Today, we announced Databricks AutoML, a tool that empowers data teams to quickly build and deploy machine learning models by automating the heavy lifting of preprocessing, feature engineering and model training/tuning. With this launch, data teams can select a dataset, configure training, and deploy models entirely through a UI. We also provide an advanced experience in which data scientists can access generated notebooks with the source code for each trained model to customize training or collaborate with experts for productionization. Databricks AutoML integrates with the Databricks ML ecosystem, including automatically tracking trial run metrics and parameters with MLflow and easily enabling teams to register and version control their models in the Databricks Model Registry for deployment.
A glass box approach to AutoML
Today, many existing AutoML tools are opaque boxes — meaning users don’t know exactly how a model was trained. Data scientists hit a wall with these tools when they need to make domain-specific modifications or when they work in an industry that requires auditability for regulatory reasons. Data teams then have to invest the time and resources to reverse engineer these models to make customizations, which counteracts many of the productivity gains they were supposed to receive.
That’s why we are excited to bring customers Databricks AutoML, a glass box approach to AutoML that provides Python notebooks for every model trained to augment developer workflows.
Data scientists can leverage their domain expertise and easily add or modify cells to these generated notebooks. Data scientists can also use Databricks AutoML generated notebooks to jumpstart ML development by bypassing the need to write boilerplate code.
Get quick insights into datasets
In addition to model training and selection, Databricks AutoML creates a data exploration notebook to give basic summary stats on a dataset. By automating the data exploration stage, which many find tedious, Databricks AutoML saves data scientists time and allows them to quickly gut check that their datasets are fit for training. The data exploration notebooks use pandas profiling to provide users with warnings–high cardinality, correlations, and null values–as well as information on the distribution of variables.
Learn ML best practices
The AutoML experience integrates with MLflow–our API for tracking metrics/parameters across trial runs–and uses ML best practices to help improve productivity on data science teams:
- From the Experiments page, data scientists can compare trial runs and register and serve models in the Databricks Model Registry.
- Our generated training notebooks provide all the code used to train a given model–from loading data to splitting test/train sets to tuning hyperparameters to displaying SHAP plots for explainability.
AutoML public preview features
The Databricks AutoML Public Preview parallelizes training over sklearn and xgboost models for classification (binary and multiclass) and regression problems. We support datasets with numerical, categorical and timestamp features and automatically handle one-hot encoding and null imputation. Trained models are sklearn pipelines such that all data preprocessing is wrapped with the model for inference.

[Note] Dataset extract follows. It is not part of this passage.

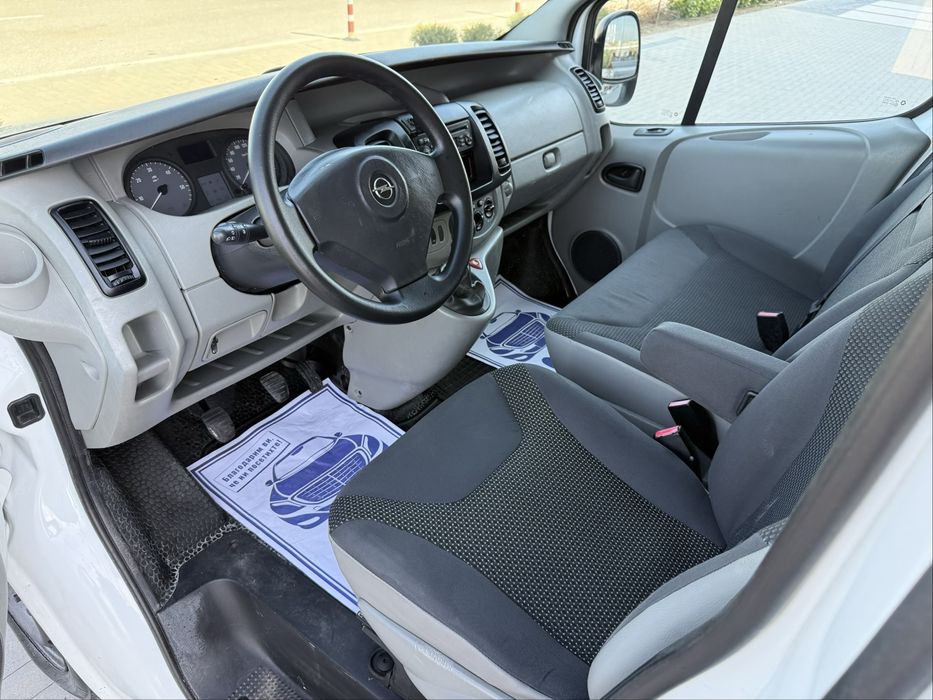 Opel Vivaro 2.0 CDTi 114к.с 2010г. / CLIMA / EURO 5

Additionally, Databricks AutoML has several advanced options. Many teams are trying to get quick answers from AutoML, so customers can control how long AutoML training lasts through configurable stopping conditions: a wall-clock timeout or the maximum number of trials to run. They can also configure the evaluation metric for ranking model performance.
Get started with Databricks AutoML public preview
Databricks AutoML is now in Public Preview and is part of the Databricks Machine Learning experience. To get started:
- Use the left-hand sidebar to switch to the “Machine Learning” experience to access Databricks AutoML via the UI. Click on the “(+) Create” on the left navigation bar and click “AutoML Experiment” or navigate to the Experiments page and click “Create AutoML Experiment” to get started.
- Use the AutoML API, a single-line call, which can be seen in our documentation.